*TASK DESCRIPTION*: Skip any image you find and restate the rest of the data word for word.

*INFORMATION SHOWN*:
== Segment start ==
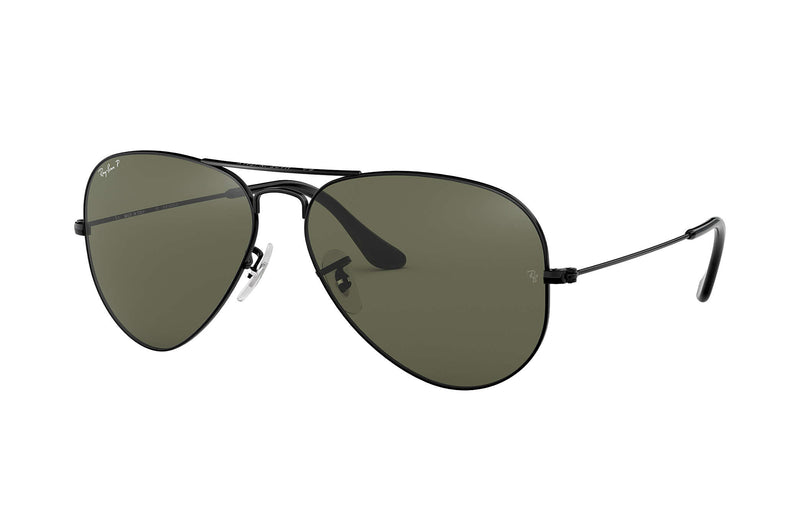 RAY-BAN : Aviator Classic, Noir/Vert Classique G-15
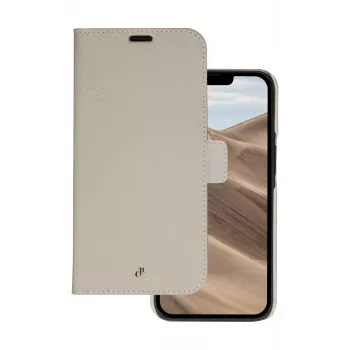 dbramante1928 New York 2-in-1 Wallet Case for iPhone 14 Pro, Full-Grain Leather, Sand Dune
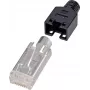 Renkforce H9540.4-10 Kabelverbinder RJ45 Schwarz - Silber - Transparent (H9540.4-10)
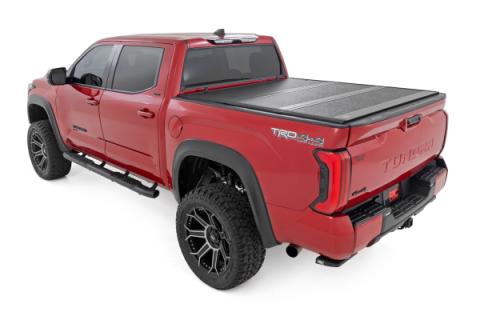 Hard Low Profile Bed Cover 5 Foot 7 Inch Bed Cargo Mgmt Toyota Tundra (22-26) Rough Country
== Segment end ==
*RESPONSE AREA*:
 RAY-BAN : Aviator Classic, Noir/Vert Classique G-15
 dbramante1928 New York 2-in-1 Wallet Case for iPhone 14 Pro, Full-Grain Leather, Sand Dune
 Renkforce H9540.4-10 Kabelverbinder RJ45 Schwarz - Silber - Transparent (H9540.4-10)
 Hard Low Profile Bed Cover 5 Foot 7 Inch Bed Cargo Mgmt Toyota Tundra (22-26) Rough Country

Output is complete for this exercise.